He lay on the greatest treasure in Middle-earth and never once enjoyed it. He just guarded it and grew more possessive.

And then Thorin Oakenshield came along.

Tolkien called what happens to Thorin “dragon sickness.” It’s not cartoonish greed — it’s something more specific. The inability to receive what you have. To rest in it. To let it be enough.

Thorin reclaims Erebor, gets everything he fought for, and loses himself anyway. Bilbo goes home.
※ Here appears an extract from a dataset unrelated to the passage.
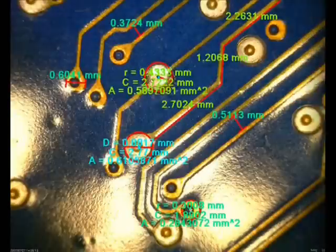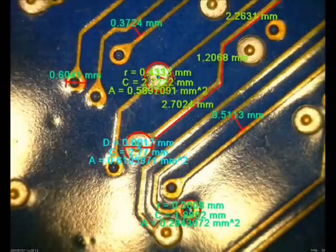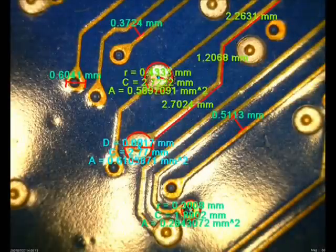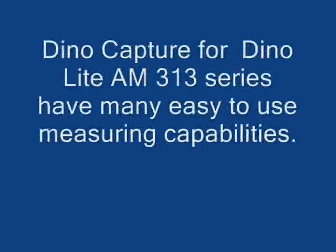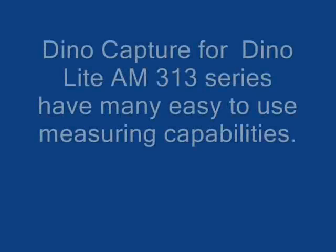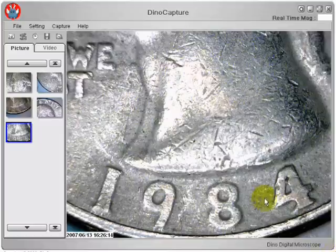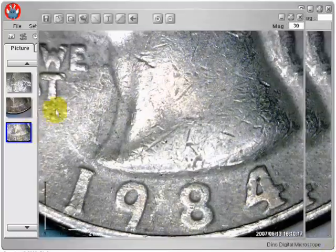I hope this tutorial gives you a better understanding on using the measurement functions with DinoCapture. DinoCapture for DinoLight AM313 series have many easy to use measuring capabilities.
Ecclesiastes names the same disease:

I have seen a grievous evil under the sun: wealth hoarded to the harm of its owners… They take nothing from their toil that they can carry in their hands.

This is what I have observed to be good: to eat, to drink, to find satisfaction in your labor — for this is their lot. God keeps them occupied with gladness of heart. (Ecclesiastes 5:13-20)

The grievous evil isn’t poverty. It’s possession without reception. Having without being glad.

The cure is almost embarrassingly ordinary: eat, drink, find satisfaction, accept your lot. Let gladness do what grasping never could.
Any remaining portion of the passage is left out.